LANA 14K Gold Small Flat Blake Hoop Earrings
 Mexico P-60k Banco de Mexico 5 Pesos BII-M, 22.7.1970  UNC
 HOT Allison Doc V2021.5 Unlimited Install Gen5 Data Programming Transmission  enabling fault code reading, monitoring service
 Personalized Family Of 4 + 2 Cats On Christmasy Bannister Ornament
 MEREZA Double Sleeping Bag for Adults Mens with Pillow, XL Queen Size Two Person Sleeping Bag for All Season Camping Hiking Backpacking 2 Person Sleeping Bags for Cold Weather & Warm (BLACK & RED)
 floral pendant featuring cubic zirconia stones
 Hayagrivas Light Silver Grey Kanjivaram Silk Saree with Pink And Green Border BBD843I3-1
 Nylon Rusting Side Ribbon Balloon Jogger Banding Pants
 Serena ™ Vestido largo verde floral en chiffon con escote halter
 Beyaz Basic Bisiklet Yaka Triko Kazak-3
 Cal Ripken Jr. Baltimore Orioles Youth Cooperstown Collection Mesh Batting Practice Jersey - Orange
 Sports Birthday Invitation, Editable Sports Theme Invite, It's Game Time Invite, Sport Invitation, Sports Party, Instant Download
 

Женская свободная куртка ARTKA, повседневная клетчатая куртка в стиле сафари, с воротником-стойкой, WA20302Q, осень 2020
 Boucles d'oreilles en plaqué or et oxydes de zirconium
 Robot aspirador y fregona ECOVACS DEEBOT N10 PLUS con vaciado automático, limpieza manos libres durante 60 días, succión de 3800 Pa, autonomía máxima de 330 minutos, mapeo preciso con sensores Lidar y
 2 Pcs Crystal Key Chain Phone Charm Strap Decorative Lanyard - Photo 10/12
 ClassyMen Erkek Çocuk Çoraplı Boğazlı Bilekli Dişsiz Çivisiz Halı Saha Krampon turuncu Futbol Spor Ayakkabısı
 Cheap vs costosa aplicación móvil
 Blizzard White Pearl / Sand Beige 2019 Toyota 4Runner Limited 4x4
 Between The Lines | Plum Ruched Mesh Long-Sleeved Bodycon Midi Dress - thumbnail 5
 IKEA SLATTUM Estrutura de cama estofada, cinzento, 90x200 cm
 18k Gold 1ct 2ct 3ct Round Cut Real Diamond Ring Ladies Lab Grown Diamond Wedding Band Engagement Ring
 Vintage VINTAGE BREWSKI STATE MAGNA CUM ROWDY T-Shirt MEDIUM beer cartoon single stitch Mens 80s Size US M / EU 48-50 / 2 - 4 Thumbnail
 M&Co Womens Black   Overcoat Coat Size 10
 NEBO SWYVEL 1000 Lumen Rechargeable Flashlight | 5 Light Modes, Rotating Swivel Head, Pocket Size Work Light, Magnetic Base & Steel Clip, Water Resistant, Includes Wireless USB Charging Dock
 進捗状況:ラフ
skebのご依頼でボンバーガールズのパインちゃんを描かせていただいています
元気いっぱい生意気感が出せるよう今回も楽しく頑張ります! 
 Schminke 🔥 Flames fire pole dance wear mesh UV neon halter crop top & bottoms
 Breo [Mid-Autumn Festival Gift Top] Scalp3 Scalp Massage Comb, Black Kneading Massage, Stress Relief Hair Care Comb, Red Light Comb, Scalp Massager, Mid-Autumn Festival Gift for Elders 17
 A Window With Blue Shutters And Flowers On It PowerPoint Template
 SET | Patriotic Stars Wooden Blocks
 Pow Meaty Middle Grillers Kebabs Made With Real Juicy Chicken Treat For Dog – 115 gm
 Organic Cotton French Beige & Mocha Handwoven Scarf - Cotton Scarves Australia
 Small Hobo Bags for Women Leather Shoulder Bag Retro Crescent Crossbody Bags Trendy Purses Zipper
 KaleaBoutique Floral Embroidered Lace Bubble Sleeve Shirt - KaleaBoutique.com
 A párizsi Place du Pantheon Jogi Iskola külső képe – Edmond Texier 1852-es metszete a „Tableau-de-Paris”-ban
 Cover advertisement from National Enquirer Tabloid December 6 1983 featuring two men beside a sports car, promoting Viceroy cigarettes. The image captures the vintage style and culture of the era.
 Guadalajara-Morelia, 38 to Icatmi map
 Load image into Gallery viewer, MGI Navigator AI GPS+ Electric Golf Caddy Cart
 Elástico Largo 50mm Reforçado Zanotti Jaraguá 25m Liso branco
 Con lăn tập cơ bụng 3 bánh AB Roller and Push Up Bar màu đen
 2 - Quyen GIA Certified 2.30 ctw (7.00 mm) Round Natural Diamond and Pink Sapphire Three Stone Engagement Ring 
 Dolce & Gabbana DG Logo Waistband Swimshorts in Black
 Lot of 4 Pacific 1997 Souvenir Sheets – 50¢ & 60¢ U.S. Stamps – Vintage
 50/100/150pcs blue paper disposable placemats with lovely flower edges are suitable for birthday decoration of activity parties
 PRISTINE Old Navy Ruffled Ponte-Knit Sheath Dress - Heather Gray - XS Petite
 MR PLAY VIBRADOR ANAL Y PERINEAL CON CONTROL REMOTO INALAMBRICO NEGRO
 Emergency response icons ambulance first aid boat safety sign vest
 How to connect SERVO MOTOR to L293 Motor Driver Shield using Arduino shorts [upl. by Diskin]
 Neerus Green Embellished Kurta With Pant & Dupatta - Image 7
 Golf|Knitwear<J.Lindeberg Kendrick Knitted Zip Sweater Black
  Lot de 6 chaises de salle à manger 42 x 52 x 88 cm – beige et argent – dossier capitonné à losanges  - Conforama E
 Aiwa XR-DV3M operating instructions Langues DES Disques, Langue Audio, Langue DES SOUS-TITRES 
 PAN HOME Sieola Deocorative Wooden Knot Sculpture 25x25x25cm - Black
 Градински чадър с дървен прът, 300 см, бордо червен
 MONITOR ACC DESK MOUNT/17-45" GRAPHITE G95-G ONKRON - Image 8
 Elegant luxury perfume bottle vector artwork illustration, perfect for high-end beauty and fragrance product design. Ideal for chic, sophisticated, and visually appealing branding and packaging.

—————

§ **Task instructions**:
Copy exactly the lines above, starting at the opening line and finishing at the line in which "M&Co Womens Black" occurs.

§ **Solution for this problem**:
LANA 14K Gold Small Flat Blake Hoop Earrings
 Mexico P-60k Banco de Mexico 5 Pesos BII-M, 22.7.1970  UNC
 HOT Allison Doc V2021.5 Unlimited Install Gen5 Data Programming Transmission  enabling fault code reading, monitoring service
 Personalized Family Of 4 + 2 Cats On Christmasy Bannister Ornament
 MEREZA Double Sleeping Bag for Adults Mens with Pillow, XL Queen Size Two Person Sleeping Bag for All Season Camping Hiking Backpacking 2 Person Sleeping Bags for Cold Weather & Warm (BLACK & RED)
 floral pendant featuring cubic zirconia stones
 Hayagrivas Light Silver Grey Kanjivaram Silk Saree with Pink And Green Border BBD843I3-1
 Nylon Rusting Side Ribbon Balloon Jogger Banding Pants
 Serena ™ Vestido largo verde floral en chiffon con escote halter
 Beyaz Basic Bisiklet Yaka Triko Kazak-3
 Cal Ripken Jr. Baltimore Orioles Youth Cooperstown Collection Mesh Batting Practice Jersey - Orange
 Sports Birthday Invitation, Editable Sports Theme Invite, It's Game Time Invite, Sport Invitation, Sports Party, Instant Download
 

Женская свободная куртка ARTKA, повседневная клетчатая куртка в стиле сафари, с воротником-стойкой, WA20302Q, осень 2020
 Boucles d'oreilles en plaqué or et oxydes de zirconium
 Robot aspirador y fregona ECOVACS DEEBOT N10 PLUS con vaciado automático, limpieza manos libres durante 60 días, succión de 3800 Pa, autonomía máxima de 330 minutos, mapeo preciso con sensores Lidar y
 2 Pcs Crystal Key Chain Phone Charm Strap Decorative Lanyard - Photo 10/12
 ClassyMen Erkek Çocuk Çoraplı Boğazlı Bilekli Dişsiz Çivisiz Halı Saha Krampon turuncu Futbol Spor Ayakkabısı
 Cheap vs costosa aplicación móvil
 Blizzard White Pearl / Sand Beige 2019 Toyota 4Runner Limited 4x4
 Between The Lines | Plum Ruched Mesh Long-Sleeved Bodycon Midi Dress - thumbnail 5
 IKEA SLATTUM Estrutura de cama estofada, cinzento, 90x200 cm
 18k Gold 1ct 2ct 3ct Round Cut Real Diamond Ring Ladies Lab Grown Diamond Wedding Band Engagement Ring
 Vintage VINTAGE BREWSKI STATE MAGNA CUM ROWDY T-Shirt MEDIUM beer cartoon single stitch Mens 80s Size US M / EU 48-50 / 2 - 4 Thumbnail
 M&Co Womens Black   Overcoat Coat Size 10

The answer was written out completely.